Determine number of unique lines with awk or similar in bash

I am using AWK to read through a custom log file I have. The format is something like this:

[12:08:00 +0000] 192.168.2.3 98374 "CONNECT 192.168.2.4:8091 HTTP/1.0" 200

Right now, I have AWK (from bash) set to read the whole log, analyze each line and grab each line that contains "CONNECT" which works, however, it does not help me discover unique clients.

The way to do this would be to somehow filter it so that it analyzed this part of each line: "CONNECT 192.168.2.4:8091 HTTP/1.0"

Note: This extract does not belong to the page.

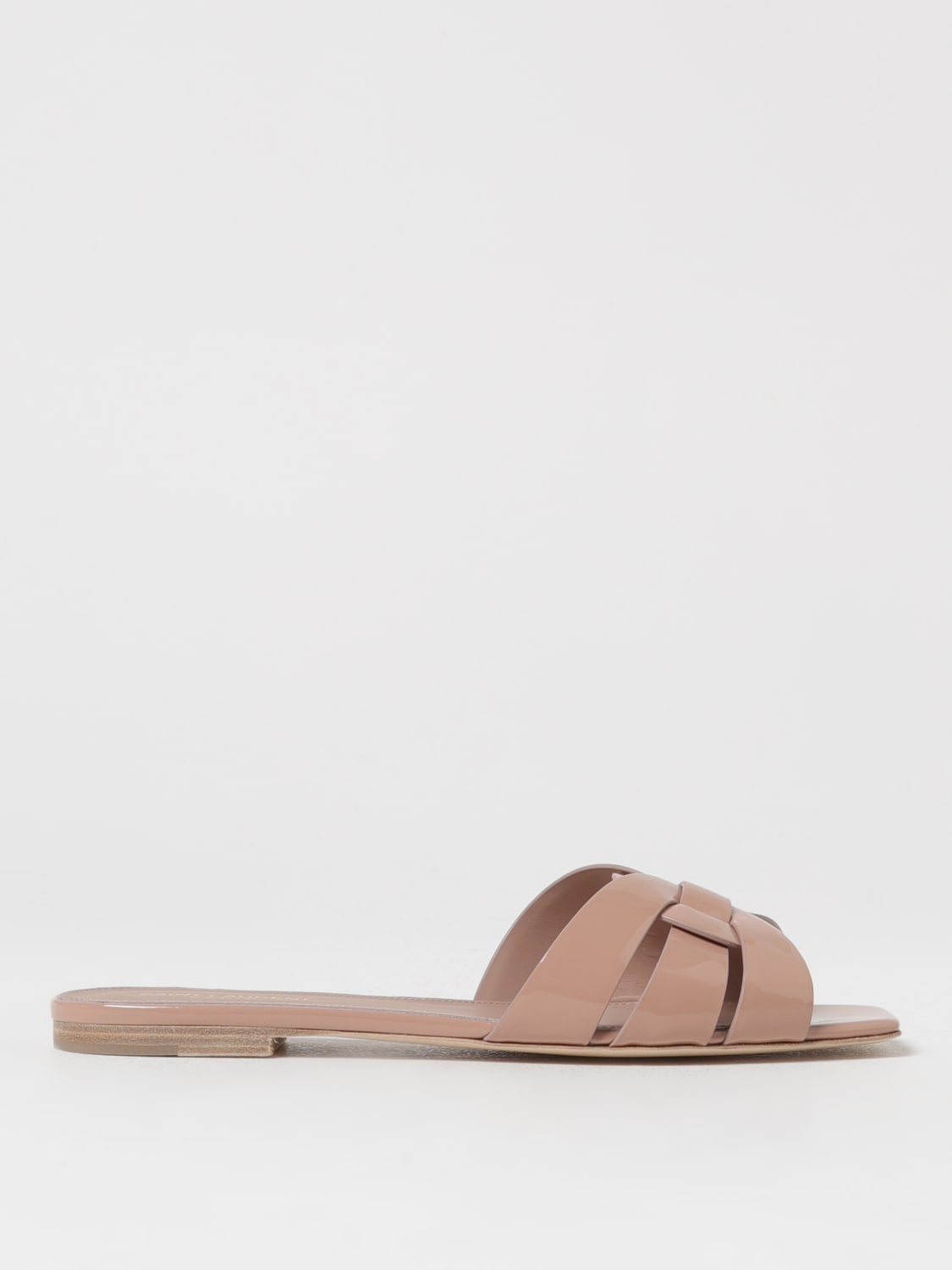 SAINT LAURENT FLAT SANDALS: Shoes woman Saint Laurent, Blush Pink - Img 1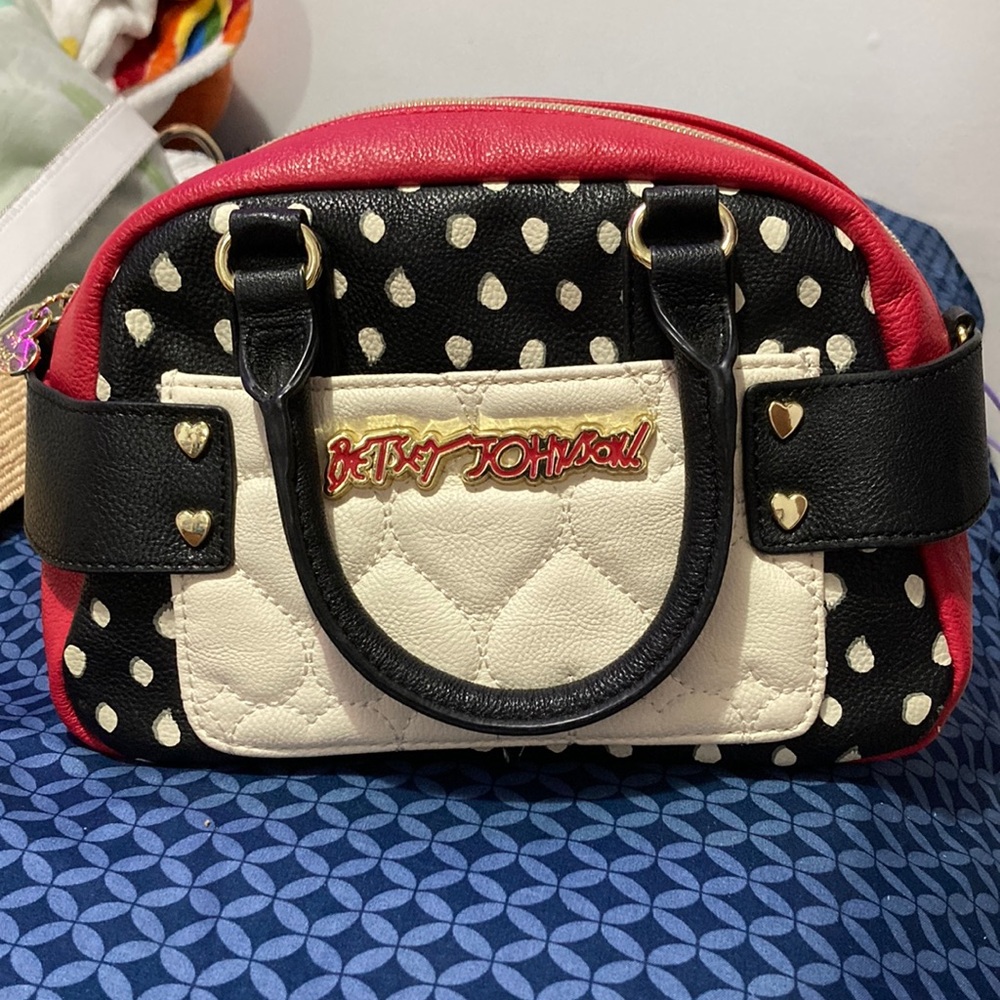 Betsy Johnson purse with strap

If there was a way to grab all those lines in a log file, then compare them all and only count similar lines as one. So let's say, for example:

 [12:08:00 +0000] 192.168.2.3 98374 "CONNECT 192.168.2.6:8091 HTTP/2.0" 200
 [12:08:00 +0000] 192.168.2.3 98374 "CONNECT 192.168.2.9:8091 HTTP/2.0" 200
 [12:08:00 +0000] 192.168.2.3 98374 "CONNECT 192.168.2.2:8091 HTTP/2.0" 200
 [12:08:00 +0000] 192.168.2.3 98374 "CONNECT 192.168.2.9:8091 HTTP/2.0" 200

In this case, the answer I need would be 3, not 4. Because 2 lines are the same, so there are only 3 unique lines. What I need is an automated way to accomplish this with AWK.

If anybody can lend a hand that would be great.


You could let awk count unique instances like this:

awk -F\" '/CONNECT/ && !seen[$2] { seen[$2]++ } END { print length(seen) }' logfile

Output:

3

This collects the first double-quoted string from lines containing CONNECT in the seen hash array. When the end of input is reached, the number of elements in seen is printed.


sed -re 's/.*"([^"]*)".*/\1/' <logfile> |sort |uniq

Awk variant: awk -F'"' {print $2} <logfile> |sort |uniq

Add -c to uniq to get a count of each matching line, or |wc -l to get a count of the number of matching lines.